Yue Zhuo

Associate Scholar

20152016 Forum on Sex

Yue Zhuo

Andrew W. Mellon Postdoctoral Teaching Fellow in the Humanities and Humanistic Sciences, 2015-2017
Romance Languages, French

Yue Zhuo’s research and publications focus on cross-genre writings in modern French literature and essayistic writings in modern French philosophy. After a dissertation on the phenomenon of anachronism and archaeological imagination in four idiosyncratic writers (Georges Bataille, Roland Barthes, Pascal Quignard, and Jacques Lacan), she developed separate projects to pursue each author’s unique “against-the-grain” stance and unclassifiable style. Her current approach emphasizes the hidden links between sexuality and religiosity, between autobiography and theory. She has recently completed a book manuscript entitled La force du négatif, Georges Bataille et la question du sacré, and her second book project will be devoted to the notion of the Neutral in late Roland Barthes. She has published on a wide range of topics in twenty-century theory and criticism, as well as on one of the most acclaimed contemporary authors in France, Pascal Quignard. For a list of publications, click here.
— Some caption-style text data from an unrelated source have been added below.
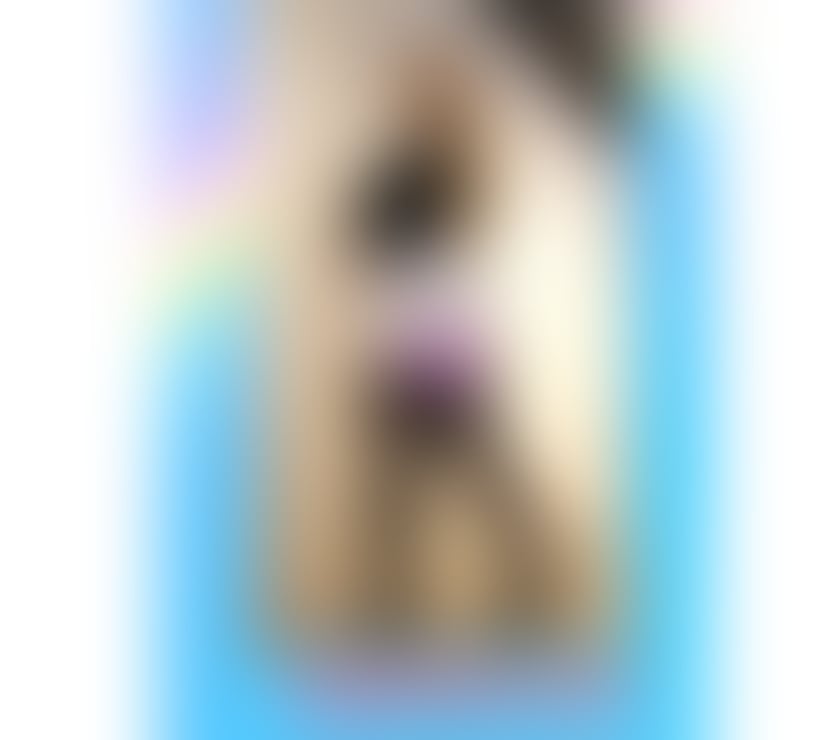 English Abbie 💖 ~Colnbrook SL3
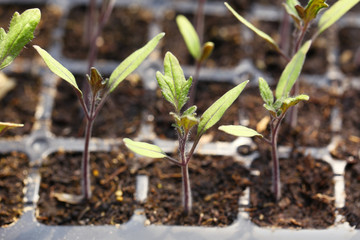 Young plants growing in greenhouse, closeup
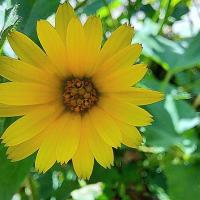 Img 20250222 Wa0063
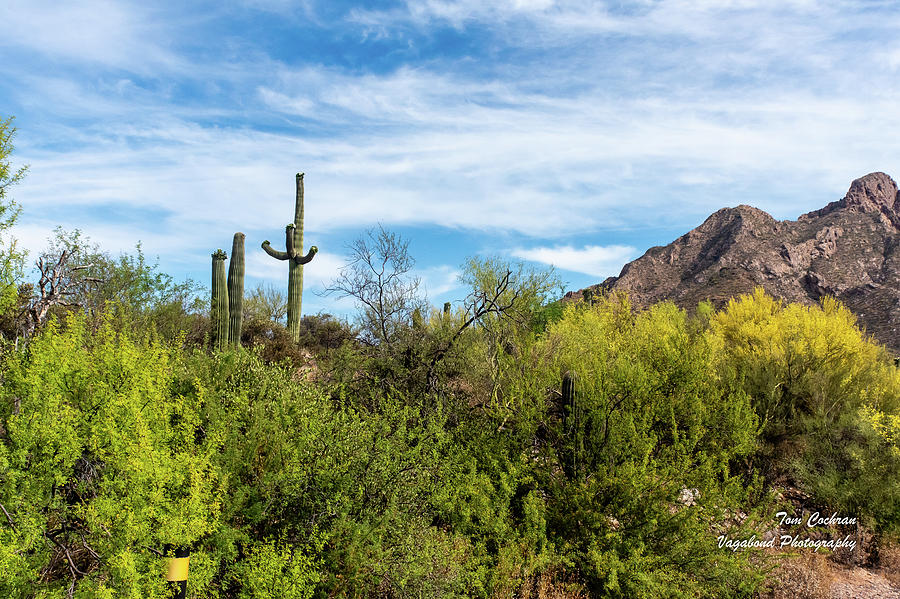 Lower Sonoran Vegetation in Tucson Photograph by Tom Cochran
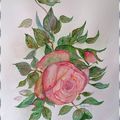 Aquarelphy ; roses Pierre de Ronsard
The Neutral in Late Barthes

In his College de France lectures, Barthes defines the Neutral as that which outplays (déjoue) or thwarts the binary paradigm. Working from its Latin etymology, ne-uter, which mean neither one or the other, Barthes uses the word to refer to a genre that is neither masculine nor feminine, a group of verbs that is neither active nor passive, a political party that refuses to take sides, or a flower or insect that is unable to reproduce itself. This project looks into the sexual dimension of the Neutral and its social and political implications from the 1970s to the present.  It argues that the notion should not be confused with asexuality, passivity or prudence. Instead, it opens up a plurality of meanings, refusing any fixed classification in sexual orientation or behavior imposed by societal doxa.